Btw, the 77RPM records are actually 78'sI know my mom had a whole collection of those fragile 78 records, which were made from clay and broke easily.
I would recommend using Adobe Audition if you have it, it has a filter that can clean up the "pops and crackles" of the records, and plenty of filters for cleaning up the tapes as well such as hiss and noise reduction. You can also use Audition to record as well and have a wide variety of formats to save to. You can also burn your CD's from it too (i admit I havent tested that yet, just started using this program). I also love the interface Audition has, alot better than Sound Forge in my opinion, and I used to use Forge quite alot (mainly to do pitch changes to some of the music I have). I plan to back up my record collection as well, due to the fact that half of the songs are like you said, out of print and very hard, if not impossible to find. If i find any other tips I will add...hope this helps
VTMI have the staff of power, now it's up to me to use it to its full potential to command my life and be successful. -
indolikaa
I admire your ambition. While I have no true experience in what you are about to undertake I would like to offer you my best wishes and of course some opinions(who would have guessed).
Being a belt and suspender type of guy I would like to suggest that if there is any way possible to try and record/copy/save/back-up/transfer (or what ever it is going to be called) to two PCs at the same time. Why you ask? I am not sure, But I heard or read or imagined that it is a good idea.
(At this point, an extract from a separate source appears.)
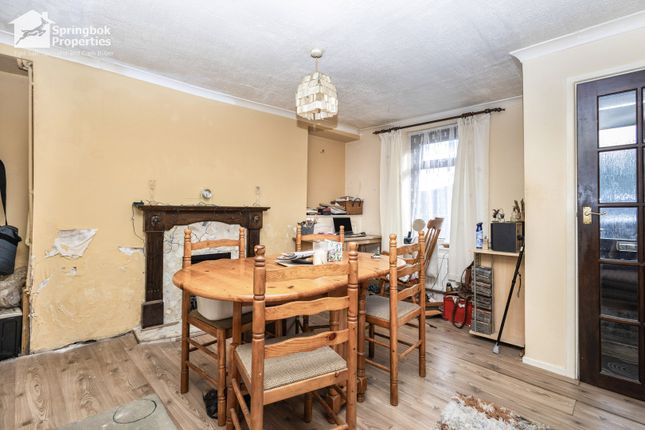 12, Chapel Street, Bridgend photo 4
Maybe it was just in case one or the other failed or maybe it was so you could get two differnt files at the same time from what might be the last time that LP can be played with out any further deterioration. I don't know if you plan on any cleaning of the signal before the PC or not, but I would like to suggest that if you do use two captures that one of them be what I would call a pure capture or a master copy with all the pops and cracks and squeeks still in. My thoughts on this go like this: Nostalgia; That is, you are making copies of something very old and may not have ever been all that high quality to start with and it is expected to sound that way. Some people would consider this to be the finale and best or most pure form for enjoyment(kind of an artsy thing) The second reason for having a master copy is the old "you can play it or edit it or whatever you want to do with on the PC" Any ways good luck and keep us posted.IS IT SUPPOSED TO SMOKE LIKE THAT? -
That's what I get for not proofreading my post.
I don't think these 78's are made of clay, but they are thick. I would say at least 4mm, maybe more. The labels are long since gone, but luckily my relatives have very good memories.
I'll check that website, ZAPPER. And I'll look into Adobe Audition, too. I think I checked it out before but the need didn't justify the price at the time. It might now. -
Welcome back. Hopefully you can avoid arguments with Mr. Jack Valenti this time around.....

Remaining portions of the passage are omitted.